═══ Provided data
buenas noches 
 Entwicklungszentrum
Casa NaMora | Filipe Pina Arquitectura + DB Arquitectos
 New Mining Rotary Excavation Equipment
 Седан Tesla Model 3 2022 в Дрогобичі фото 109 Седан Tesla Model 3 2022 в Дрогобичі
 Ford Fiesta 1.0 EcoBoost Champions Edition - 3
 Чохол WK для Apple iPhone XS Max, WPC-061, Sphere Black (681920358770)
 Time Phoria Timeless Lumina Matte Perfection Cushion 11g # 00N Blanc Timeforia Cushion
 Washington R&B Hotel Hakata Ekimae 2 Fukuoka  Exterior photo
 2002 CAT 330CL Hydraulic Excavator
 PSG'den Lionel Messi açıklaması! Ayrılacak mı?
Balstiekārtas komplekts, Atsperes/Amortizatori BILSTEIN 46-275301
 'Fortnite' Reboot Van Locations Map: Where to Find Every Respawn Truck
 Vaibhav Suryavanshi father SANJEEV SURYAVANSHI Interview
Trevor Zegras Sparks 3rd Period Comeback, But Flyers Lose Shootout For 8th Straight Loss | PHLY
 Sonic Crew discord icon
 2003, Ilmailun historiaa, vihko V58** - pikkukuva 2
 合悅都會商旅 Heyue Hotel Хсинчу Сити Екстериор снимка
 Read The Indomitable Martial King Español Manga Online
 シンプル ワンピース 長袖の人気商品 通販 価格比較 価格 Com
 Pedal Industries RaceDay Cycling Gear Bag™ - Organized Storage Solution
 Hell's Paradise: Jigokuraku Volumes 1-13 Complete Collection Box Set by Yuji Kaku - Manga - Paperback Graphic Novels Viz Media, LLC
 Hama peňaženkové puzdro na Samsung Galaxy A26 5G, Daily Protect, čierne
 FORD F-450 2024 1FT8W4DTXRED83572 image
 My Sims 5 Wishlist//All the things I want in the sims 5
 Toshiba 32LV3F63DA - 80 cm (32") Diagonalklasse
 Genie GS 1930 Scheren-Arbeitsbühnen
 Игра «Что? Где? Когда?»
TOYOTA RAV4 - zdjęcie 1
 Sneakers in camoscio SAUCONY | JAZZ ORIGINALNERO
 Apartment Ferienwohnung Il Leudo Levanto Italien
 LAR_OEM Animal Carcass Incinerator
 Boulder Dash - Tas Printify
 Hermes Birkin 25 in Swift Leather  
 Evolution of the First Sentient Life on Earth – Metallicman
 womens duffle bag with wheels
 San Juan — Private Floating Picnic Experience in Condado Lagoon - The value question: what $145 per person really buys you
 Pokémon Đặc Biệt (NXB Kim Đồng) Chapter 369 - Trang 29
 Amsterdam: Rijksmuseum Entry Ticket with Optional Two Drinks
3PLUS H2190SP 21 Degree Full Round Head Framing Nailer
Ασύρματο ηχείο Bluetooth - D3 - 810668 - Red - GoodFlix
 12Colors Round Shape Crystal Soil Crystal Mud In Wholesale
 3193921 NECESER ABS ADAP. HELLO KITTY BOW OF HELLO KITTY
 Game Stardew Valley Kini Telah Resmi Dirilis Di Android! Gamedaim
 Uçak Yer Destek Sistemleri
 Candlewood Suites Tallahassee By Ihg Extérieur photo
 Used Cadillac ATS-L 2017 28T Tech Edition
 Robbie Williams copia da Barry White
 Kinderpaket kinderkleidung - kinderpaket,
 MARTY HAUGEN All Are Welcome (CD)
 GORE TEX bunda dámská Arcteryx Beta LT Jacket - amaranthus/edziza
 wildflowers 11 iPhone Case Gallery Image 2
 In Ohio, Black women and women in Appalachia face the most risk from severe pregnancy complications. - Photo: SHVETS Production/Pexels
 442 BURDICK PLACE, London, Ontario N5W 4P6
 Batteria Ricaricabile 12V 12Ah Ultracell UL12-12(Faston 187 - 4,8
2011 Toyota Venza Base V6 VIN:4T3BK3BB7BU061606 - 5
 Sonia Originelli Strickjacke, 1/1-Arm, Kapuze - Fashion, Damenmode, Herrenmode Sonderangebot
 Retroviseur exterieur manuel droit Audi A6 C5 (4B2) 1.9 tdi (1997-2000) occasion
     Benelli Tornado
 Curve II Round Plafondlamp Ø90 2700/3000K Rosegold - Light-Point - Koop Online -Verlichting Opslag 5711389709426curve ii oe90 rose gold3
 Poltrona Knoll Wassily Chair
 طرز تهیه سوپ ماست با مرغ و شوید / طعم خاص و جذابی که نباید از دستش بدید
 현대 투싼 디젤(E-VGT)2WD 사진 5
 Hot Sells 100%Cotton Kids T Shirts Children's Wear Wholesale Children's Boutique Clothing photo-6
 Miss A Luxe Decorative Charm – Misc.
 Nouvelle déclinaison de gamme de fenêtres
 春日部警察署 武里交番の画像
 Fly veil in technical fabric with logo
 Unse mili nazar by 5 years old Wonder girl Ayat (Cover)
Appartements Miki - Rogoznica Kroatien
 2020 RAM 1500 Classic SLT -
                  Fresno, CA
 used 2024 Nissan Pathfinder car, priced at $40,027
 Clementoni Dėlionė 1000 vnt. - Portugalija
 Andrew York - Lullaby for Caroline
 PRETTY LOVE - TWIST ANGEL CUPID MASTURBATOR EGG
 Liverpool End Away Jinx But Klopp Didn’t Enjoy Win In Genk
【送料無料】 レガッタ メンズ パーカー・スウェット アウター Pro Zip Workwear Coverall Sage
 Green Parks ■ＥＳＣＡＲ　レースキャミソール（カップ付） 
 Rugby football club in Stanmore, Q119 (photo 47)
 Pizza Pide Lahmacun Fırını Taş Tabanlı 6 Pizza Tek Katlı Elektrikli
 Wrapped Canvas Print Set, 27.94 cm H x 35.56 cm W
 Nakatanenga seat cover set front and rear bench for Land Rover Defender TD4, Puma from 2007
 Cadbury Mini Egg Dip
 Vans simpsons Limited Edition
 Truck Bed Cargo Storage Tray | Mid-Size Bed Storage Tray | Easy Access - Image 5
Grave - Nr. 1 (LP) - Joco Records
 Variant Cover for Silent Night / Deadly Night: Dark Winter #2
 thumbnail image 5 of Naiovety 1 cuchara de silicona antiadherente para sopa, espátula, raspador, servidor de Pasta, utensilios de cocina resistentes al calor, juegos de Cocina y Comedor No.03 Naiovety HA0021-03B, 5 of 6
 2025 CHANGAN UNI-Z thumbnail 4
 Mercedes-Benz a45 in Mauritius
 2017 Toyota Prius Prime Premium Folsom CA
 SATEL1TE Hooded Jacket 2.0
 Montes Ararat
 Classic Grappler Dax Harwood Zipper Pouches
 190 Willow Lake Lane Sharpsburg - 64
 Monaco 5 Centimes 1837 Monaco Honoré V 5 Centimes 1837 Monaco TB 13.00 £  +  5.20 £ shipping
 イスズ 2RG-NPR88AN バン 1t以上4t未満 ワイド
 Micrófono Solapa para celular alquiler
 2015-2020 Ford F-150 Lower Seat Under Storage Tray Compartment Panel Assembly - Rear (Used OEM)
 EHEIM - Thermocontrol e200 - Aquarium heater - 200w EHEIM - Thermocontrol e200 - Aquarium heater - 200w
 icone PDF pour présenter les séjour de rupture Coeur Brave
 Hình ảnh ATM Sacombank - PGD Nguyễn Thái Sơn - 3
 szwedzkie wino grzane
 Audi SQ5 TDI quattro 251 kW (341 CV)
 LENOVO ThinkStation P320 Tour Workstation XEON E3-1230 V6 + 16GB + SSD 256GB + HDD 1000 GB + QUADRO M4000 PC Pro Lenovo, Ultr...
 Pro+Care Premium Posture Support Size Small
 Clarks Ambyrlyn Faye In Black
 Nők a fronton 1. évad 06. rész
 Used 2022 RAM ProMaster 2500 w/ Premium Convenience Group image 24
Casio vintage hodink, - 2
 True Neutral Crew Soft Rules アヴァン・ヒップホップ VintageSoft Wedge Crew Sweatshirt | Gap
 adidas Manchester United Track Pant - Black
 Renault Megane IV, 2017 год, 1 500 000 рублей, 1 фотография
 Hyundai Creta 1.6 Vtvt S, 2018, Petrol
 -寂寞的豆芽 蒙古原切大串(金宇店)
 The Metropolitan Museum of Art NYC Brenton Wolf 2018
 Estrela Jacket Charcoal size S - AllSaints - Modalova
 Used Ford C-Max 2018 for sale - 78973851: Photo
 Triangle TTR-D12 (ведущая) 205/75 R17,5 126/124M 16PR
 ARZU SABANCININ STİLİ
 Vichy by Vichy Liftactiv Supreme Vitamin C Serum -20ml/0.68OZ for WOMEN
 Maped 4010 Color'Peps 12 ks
══════
**What needs to be done:** Write out again, exactly, the lines from the start of the entries up to and including the one with "Genie GS 1930 Scheren-Arbeitsbühnen". Nothing else belongs in the reply.

**Worked solution:**
buenas noches 
 Entwicklungszentrum
Casa NaMora | Filipe Pina Arquitectura + DB Arquitectos
 New Mining Rotary Excavation Equipment
 Седан Tesla Model 3 2022 в Дрогобичі фото 109 Седан Tesla Model 3 2022 в Дрогобичі
 Ford Fiesta 1.0 EcoBoost Champions Edition - 3
 Чохол WK для Apple iPhone XS Max, WPC-061, Sphere Black (681920358770)
 Time Phoria Timeless Lumina Matte Perfection Cushion 11g # 00N Blanc Timeforia Cushion
 Washington R&B Hotel Hakata Ekimae 2 Fukuoka  Exterior photo
 2002 CAT 330CL Hydraulic Excavator
 PSG'den Lionel Messi açıklaması! Ayrılacak mı?
Balstiekārtas komplekts, Atsperes/Amortizatori BILSTEIN 46-275301
 'Fortnite' Reboot Van Locations Map: Where to Find Every Respawn Truck
 Vaibhav Suryavanshi father SANJEEV SURYAVANSHI Interview
Trevor Zegras Sparks 3rd Period Comeback, But Flyers Lose Shootout For 8th Straight Loss | PHLY
 Sonic Crew discord icon
 2003, Ilmailun historiaa, vihko V58** - pikkukuva 2
 合悅都會商旅 Heyue Hotel Хсинчу Сити Екстериор снимка
 Read The Indomitable Martial King Español Manga Online
 シンプル ワンピース 長袖の人気商品 通販 価格比較 価格 Com
 Pedal Industries RaceDay Cycling Gear Bag™ - Organized Storage Solution
 Hell's Paradise: Jigokuraku Volumes 1-13 Complete Collection Box Set by Yuji Kaku - Manga - Paperback Graphic Novels Viz Media, LLC
 Hama peňaženkové puzdro na Samsung Galaxy A26 5G, Daily Protect, čierne
 FORD F-450 2024 1FT8W4DTXRED83572 image
 My Sims 5 Wishlist//All the things I want in the sims 5
 Toshiba 32LV3F63DA - 80 cm (32") Diagonalklasse
 Genie GS 1930 Scheren-Arbeitsbühnen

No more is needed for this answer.